A pride for a loved one who sacrificed everything. Pride for a person who answered a call few are brave enough to heed and those who chose service because they believed in something greater than themselves. While Memorial Day lasts just 24 hours in a whole year, I know that there are many here who honor those lost every day.
Not only by keeping their memory alive, but by striving to live with the same courage, the same convictions as those we remember today. This year will mark 250 years since our forebears signed the Declaration of Independence as commemorate that anniversary. Let us honor the memory of the many working men and women throughout our history, who enlisted in the military, and paid the ultimate price.
Let us commit to fighting for dignity for all. That pursuit of dignity becomes all the more important when we consider that here in our home, the wealthiest city in the wealthiest nation in this history of the world. So many veterans are still living with food insecurity, homelessness and isolation.
Our City Hall refuses to accept that status quo. That is why we will use every level of government to ensure that all who call the city home can afford the basics of a decent life. Whether those basics are rent, their childcare or their groceries, and if we make that commitment, we can never allow veterans to be an exception to it.

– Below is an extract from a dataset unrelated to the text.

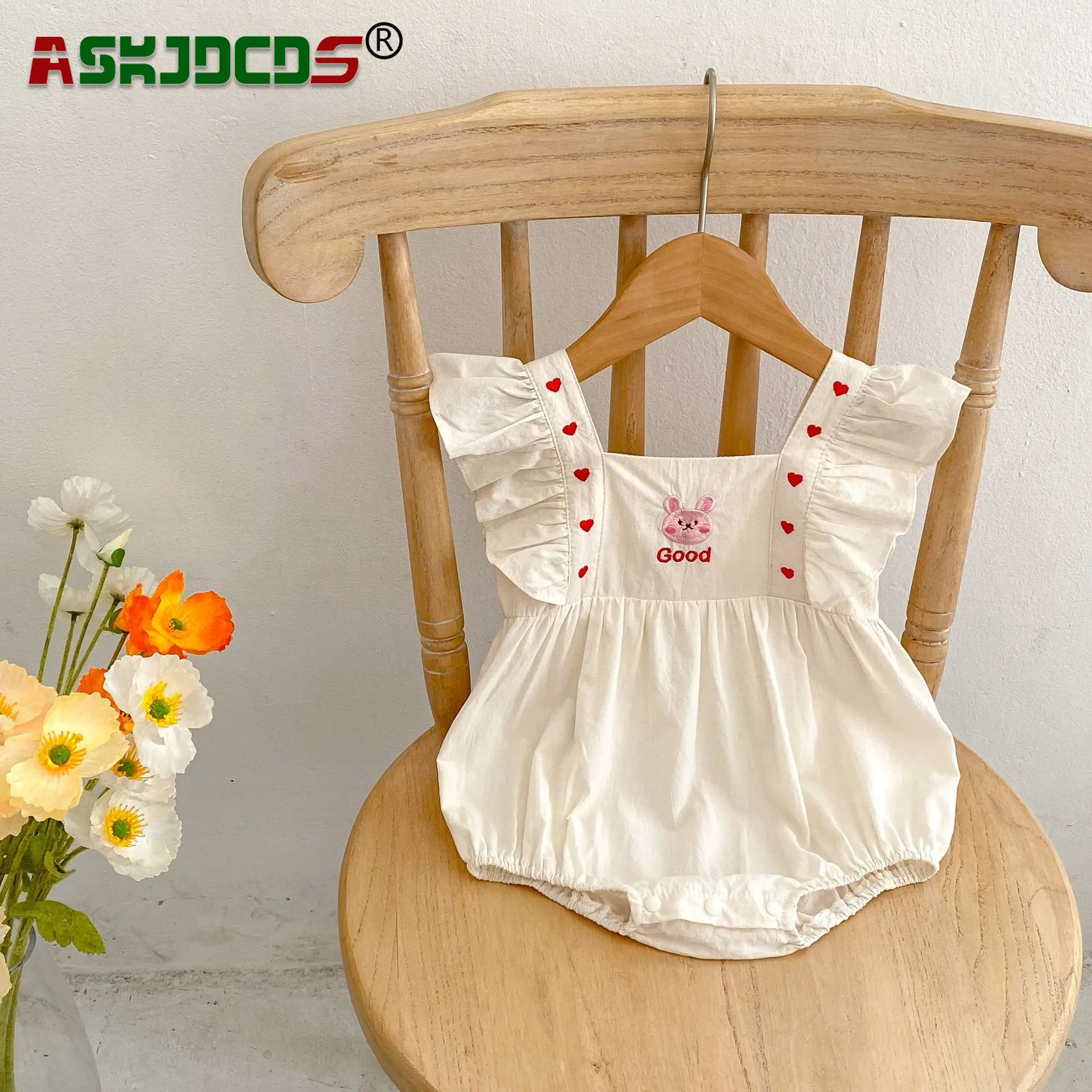 

2024 Summer Baby Infant Girls Fly Sleeve Embroidery Bunny Love Cotton Outwear Kids Newborn Cute Jumpsuits Toddler Bodysuits 유아복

Because that is the very least that they deserve.
It is how we can pay tribute to those that we have lost by striving, just as they did, to reach a higher ideal for ourselves, for our city, for our nation. I must say thank you again to the families and veterans that here for your sacrifice, for your belief in the ever enduring ideals of this nation. It is a privilege to mark Memorial Day alongside you. Thank you so much.